On a recent walk through the supermarket-sized warehouse, Mr. Ewing greeted five new enlistees. Three are volunteers at area churches, and two volunteered for a secular nonprofit organization.
Mr. Ewing welcomed them to the battle amid cans of soup, spaghetti sauce, rice and flour. The bank also stores and distributes nonfood items, such as cleaning supplies.
The food bank director's work is never easy. Food drives require one beg-a-thon after another. Mr. Ewing depends on his media savvy, glib conversation and relationships with partners such as the U.S. Postal Service to get his message out. He gets mixed results when begging grocery chains, private organizations and individuals for donations.
Headlines in The Sun over the years attest to the successes and failures.
Nov. 26, 1990: "Food drive lags behind '89 effort."
Dec. 12, 1994: "Harvest for Hungry donations grow."
March 14, 1997: "Postal Service food drive drops in donations over past 2 years."
Jan. 14, 2000: "Food bank enriched by blue-collar giving."
Mr. Ewing has had to adjust to major changes. He once cornered the market on area grocery store throwaways. When he got into the hunger business, grocery chains customarily wasted plenty of good food. Just threw it into the Dumpster, he recalled.
"We found, in talking to the A&P;, Pepsi and other companies how much food they were routinely throwing away because there was nothing else to do with it," Mr. Ewing recalled while sitting in his second-floor office that was cluttered with paper, books and food cans.
He said stores and distributors were glad to find a taker for large quantities of food in cans, boxes, bags, jars and bottles. He remembered getting 38 tractor-trailer loads of canned goods from an Eastern Shore distributor.
Now he has competition for such goods. Many deliveries that once went to the food bank are ending up in dollar stores, according to Second Harvest, a network of 188 food banks, including Mr. Ewing's.
The food bank executive director doesn't mind the competition because those places help low-income consumers buy food and other household products.
"All of us would love to throw away the key," Mr. Ewing said, "but we've institutionalized poverty at a much higher level." That becomes obvious when he taps into food bank discussion groups on the Internet. He was planning a meeting in Baltimore of colleagues from across the country, just to brainstorm.
On this day, he was thrilled to receive thousands of pounds of potatoes from Idaho that arrived, mysteriously, in bags labeled "Onions." "We lose food from the grocery industry and we gain it from the fields, we gain it from the restaurants," he said.

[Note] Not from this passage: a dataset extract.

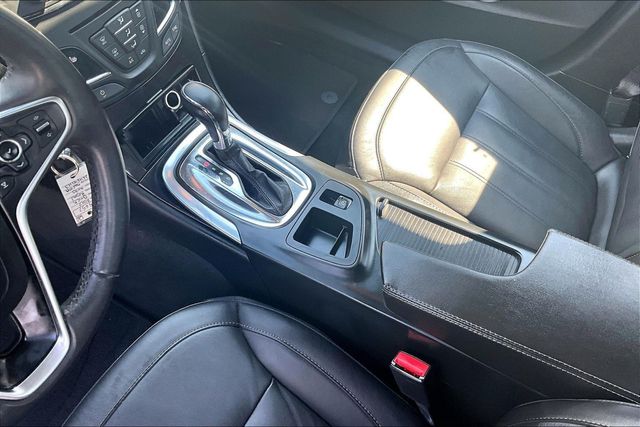 2017 Buick Regal 4dr Sedan Turbo AWD - 23009756 - 30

The fight to fill empty stomachs is necessarily flexible.
Hunger in Maryland shows no sign of going away. What a wonderful state this would be if we didn't need a food bank, a Bill Ewing, pantries, shelters or soup kitchens. But with hunger still among us, they are indispensable heroes whose work eases suffering.
About this series
This is one in an occasional series that will highlight the achievements and contributions of area residents who have little in common except this: Their lifetime commitments to the arts, the environment, social justice or voluntarism bolster our faith in this region and ourselves. "Champions of Hope," we're calling them, though they could just as easily be defined as heroes. Many are not well-known; others you'll recognize. All bring hope in some way to the people around them.